Referring to a coated cutting insert as one example of a coated article, a coated cutting insert typically comprises a substrate with a coating scheme thereon. The cutting insert exhibits a geometry such that it typically has rake surfaces and flank surfaces wherein there are cutting edges at the intersection (or juncture) of the rake surfaces and the flank surfaces. For coated cutting inserts in general, any one of a number of different techniques can apply the coating scheme to the substrate. These techniques can include chemical vapor deposition (CVD) and physical vapor deposition (PVD).
Coated cutting inserts are useful for the removal of material in a chipforming material removal operation. Chipforming material removal operations include, without limitation, milling, turning, boring, drilling and like operations wherein a cutting insert engages a workpiece with the cutting insert and workpiece moving relative to each other. A great amount of heat can exist at the point (or surface) of engagement between the workpiece and cutting insert (i.e., cutting insert-chip interface). Transfer of the heat at the cutting-chip interface into the substrate and the interface between the coating scheme and the substrate (i.e., coating-substrate interface) can be detrimental to cutting insert performance. More specifically, transfer of heat to the substrate and the coating-substrate interface creates premature excessive wear of the coating. Such excessive wear of the coating scheme typically shortens the useful life of the coated cutting insert.

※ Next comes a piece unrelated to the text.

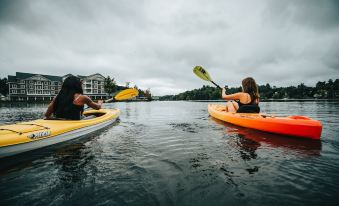 Saranac Waterfront Lodge, Trademark Collection by Wyndham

The coating scheme typically influences the extent of heat transfer from the cutting insert-chip interface to the substrate and coating-substrate interface. The thermal conductivity of the coating scheme is a property that can strongly influence the extent of such heat transfer. A coating scheme that exhibits an overall lower thermal conductivity typically reduces the amount of heat in the substrate and at the coating-substrate interface. Such a reduction in heat transfer typically results in a longer useful tool life for the cutting insert in comparison to a coated cutting insert that does not exhibit a reduction in heat transfer.

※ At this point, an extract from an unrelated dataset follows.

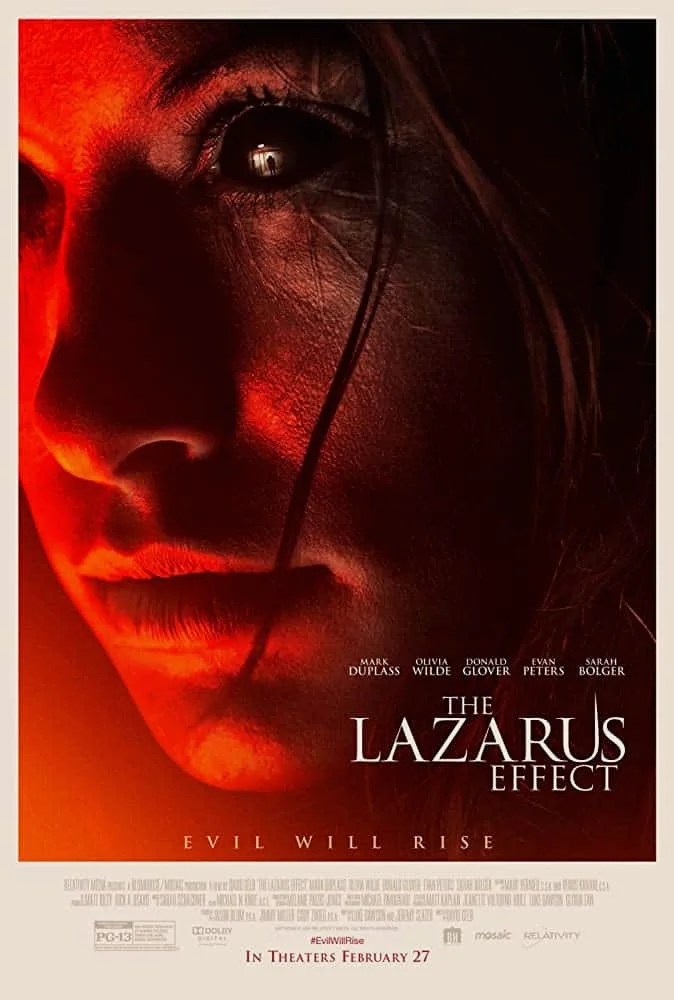 The Lazarus Effect (2015) โปรเจกต์ชุบตาย พากย์ไทย HD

In the past, coated cutting inserts have exhibited various coating schemes. For example, U.S. Patent Application Publication No. US 2006/0269788 A1 to Ishikawa appears to disclose alternating layers of AlCrTiN with differing compositions between the layers. According to the English abstracts, Japanese Patent Publication No. 2003 340608 A2 to Natsuki et al. and Japanese Patent Publication No. 2004 106108 A2 to Hidemitsu et al. each provide a disclosure that appears to include alternating layers of TiAlCrN, but the chromium is always present in each coating layer.
WO 2006/084404 A1 to Endrino (assigned to Uniaxis Balzer AG) appears to disclose the use of an AlCrN inner coating layer and an AlCrN outer coating layer. According to the English abstract, Japanese Patent Publication No. 2004 050381 A2 to Yasuhiko apparently discloses a surface layer of AlCrN. U.S. Pat. No. 7,226,670 B2 to Derflinger et al. (assigned to OC Oerlikon Balzers AG) appears to teach that AlCrN is a beneficial coating material.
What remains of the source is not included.